30    Mohammad Ghaffari (Kamal-ol-Molk) (1848-1940)

List Of Lots

More Info

Art Title : Portrait of Fakhr-ol-Molk Ardalan

Signed: “Mohammad 1327” in Farsi (lower left)
oil on canvas
60×51 cm
Executed in: 1909

Provenance:
Acquired from Fakhar-ol-Molk Ardalan's family by the present owner in 2015.

Estimated

2,000 - 3,000 Million IRR

Price realized

2,600,000,000 IRR

About Art Work

The work of Mohammad Ghaffari, known as Kamal-ol-Molk, a pioneer of Iranian naturalist painting, marks the beginning of a new chapter in Iranian art.

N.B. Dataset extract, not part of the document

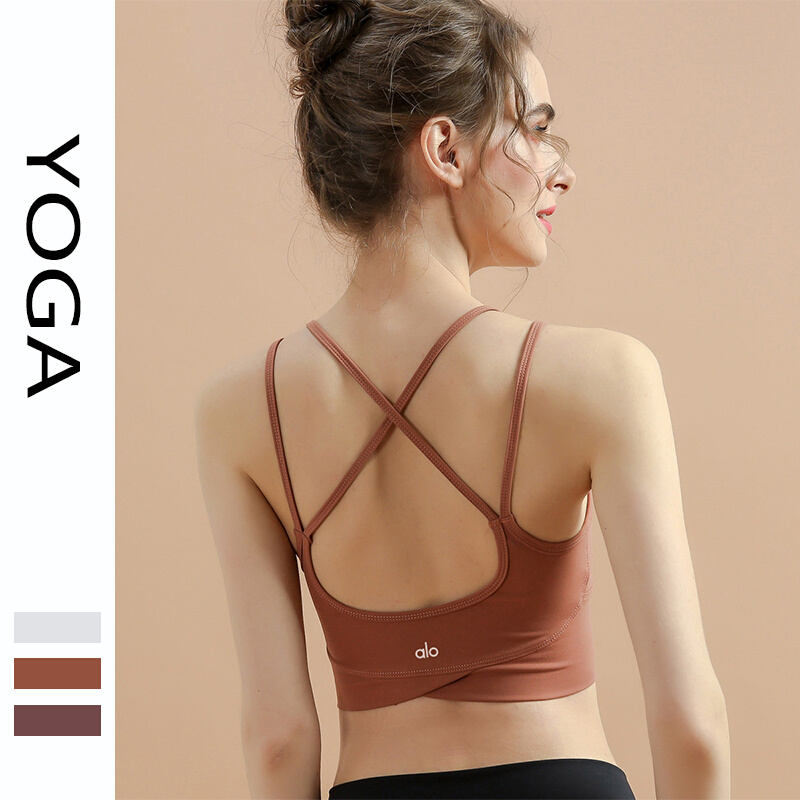 alo yoga瑜伽内衣吊带背心上衣女夏运动健身美背文胸带胸垫薄款
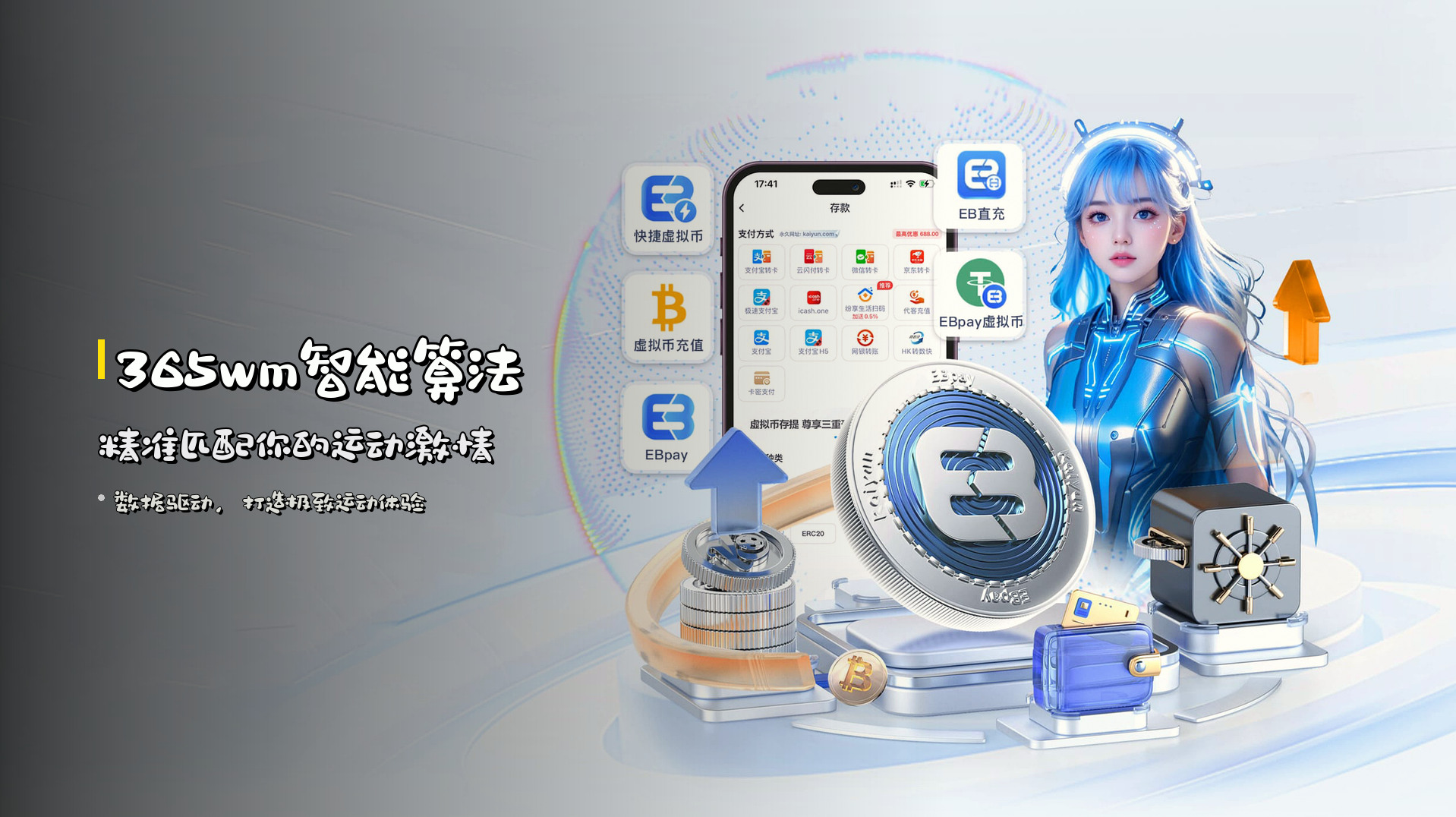 <strong>365wm</strong>智能算法 <strong>精准匹配</strong>你的运动激情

Since the start of the last century and with the advent of Kamal-ol-Molk’s modernist experiments, the symbolic and mythological approach in painting has been replaced by a modern approach as a representation of nature and the objective world. The latter has become an undeniable reality of Iranian art ever since. Thus representational – naturalist or realist – painting captured the arena of Iranian visual arts in a way that the concept of painting, in a general sense, amounted to re-creation of the real world the way photography did, while the purpose of Iranian traditional painting has been to create imaginary pictures and a mythical world. Kamal-ol-Molk’s great legacy was a harbinger for a new era in Western style painting.

Portrait painting, as a fascinating subject in Iranian art, emerged during the Safavid period. Subsequently, it changed the traditional media of paper and watercolor to canvas and oil during the Qajar period. Early portrait paintings presented an ideal view of a painter of an image or a mythological figure so that many of them bore little resemblance to reality, serving as a purely imaginary icon. Toward the middle of the Qajar rule and with the introduction of Western paintings that were mainly brought to Iran by Iranian rulers or presented by Western ambassadors to Iran, production of fabric with portrait designs, invention of the printing machine, visits of the Qajar kings to Europe, and the introduction of photography in Iran, portrait painting (as the work on display) imitated Western painting to approach Realism.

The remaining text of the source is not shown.